From internationalism…

 The ACG (Anarchist Communist Group) took a basically internationalist stance from the beginning of the war (ACG website the 27th of February, “Take the side of the working class, not competing imperialist interests”). At the same time this statement contains a number of confused demands, such as the “disbandment of NATO”, and the “the mass occupying of Russian oligarchs’ property in Britain and their immediate conversion to social housing”. (What about the properties of Ukrainian oligarchs?) You could see the same immediatist vision in the statement of the ASI group in Belgrade, who, despite a certain clarity on the nature of what “peace” means in capitalism, declares: “Let’s turn capitalist wars into a workers’ revolution!” This call for revolutionary action is totally unrealistic given the low level of class struggle today. But these confusions do not cancel out the internationalist basics of these groups’ responses to the war.

A joint internationalist statement had already been published, signed by 17 groups around the Anarkismo Coordination, on the 25th of February, including the ACG. Here it states clearly, that “…our revolutionary and class duty dictates the organisation and strengthening of the internationalist, anti-war and anti-imperialist movement of the working class. The logic of more aggressive or more progressive imperialism is a logic that leads to the defeat of the working class. There can be no pro-people’s imperialist road. The interests of the working class cannot be identified with those of the capitalists and the imperialist powers.”[4] On the ACG website there is also a strong denunciation of anarchist groups and publications defending nationalism, such as the Freedom group in London[5].

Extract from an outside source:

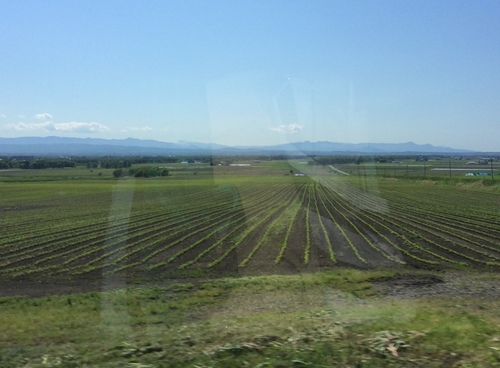 e0052716_13434437.jpg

… to openly bourgeois positions

But the statements of the different anarchist currents have to be read carefuly and critically. For example, the French-speaking section of the International  of Anarchist Federations, in a leaflet published the 24th of February, proclaimed: “We also call, all over the world, to fight against capitalism, nationalism and imperialism as well as the army which always push towards new wars”[6]

At the same time, in the same International Anarchist Federation, we can see an open call for participation in the war: a call of support for the Resistance Committees in Ukraine, fighting for the “liberation” of the country. Different anarchist groups in uniform and armed football firms are presented as “freedom fighters” – often with reference to the Black Army of Makhno during the Civil War in Russia. So, there is a clear “gradient” in the anarchist milieu today: calls for internationalism, and at the same time a call for participation in this escalating conflict, as adjuncts of the Ukrainian army under the banner of the Resistance Committees[7]. Also, anarchists from Belarus living in Ukraine are joining the forces of the Ukrainian state – another sign of the defeat and disorientation of the working class in the area.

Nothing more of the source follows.